There are no trash cans. Wah. Trains stop running so early. Wah wah. There are no hand towels in the bathrooms. Wah wah wah, motherfuckers.
One of my all-time favorite complaints is the fact that Japan doesn’t have street names. People who voice this particular complaint are in such a state of blissful ignorance that they are unlikely ever to get used to it. I once met a German guy who was complaining about how hard it is to find things in Japan because of the lack of street names and numbers. I asked him for his address and showed him where he lived in less than 30 seconds. I was equipped to do this because I was carrying my trusty map:
The 2009 version just got released, so I upgraded from the version I bought three years ago. There are a number of different pocket-sized maps, but Mapple’s is the most popular. It has tons of useful information in the front.
Detailed subway transfer information (which car to stand in for the easiest transfer):
But the most useful part of all is its main function – maps.

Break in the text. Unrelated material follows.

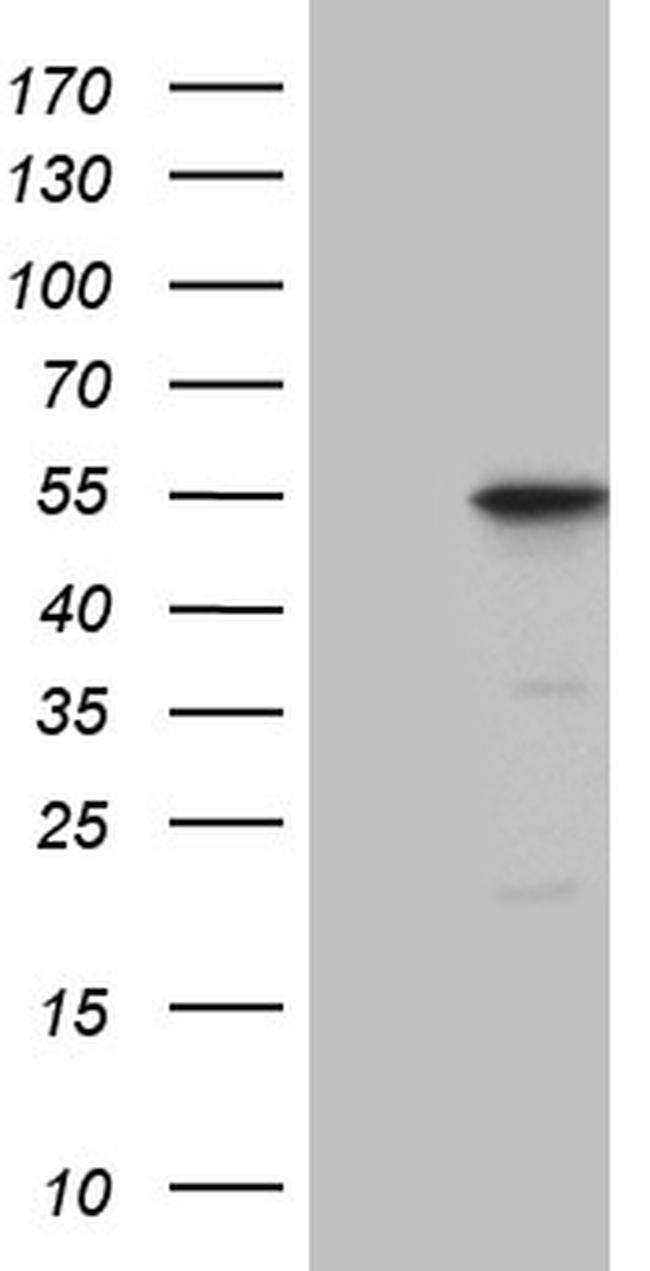 DUSP5 Antibody in Western Blot (WB)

To find a place, all you need is the 区 (Ward, although recently I’ve seen “City” used frequently), the neighborhood name, and then the address number. The number is a three-digit number in the format 1-2-3, where 1 is the neighborhood number, 2 is the block number, and 3 is the building number. As an example, let’s find the Sword Museum. Its address is 渋谷区代々木4-25-10.
Generally you can look for the ward first on the map. Shibuya is pretty easy, but Yoyogi, the neighborhood name, is actually a bit far from Shibuya Station, so it’s easiest to track down Yoyogi Station’s page from the map in the front, which tells us Yoyogi Station is on pg 88:
Here’s pg 88 around Yoyogi Station:
Clearly not on this page, so lets check one page south:
There’s 代々木4. Now you track down the light blue 25 closest to it, and that will be right about where it is. On the map it’s marked with 刀剣博物館.
Rather than doing everything street by street, Japan takes a grid approach, which is actually a lot more manageable when you think about it. Get used to it. Once you do, you should be able to find anything. Mapple – don’t leave your tiny ass apartment without it.
Oh, and you can forget visiting the Sword Museum – it’s crap. Small display and zero English.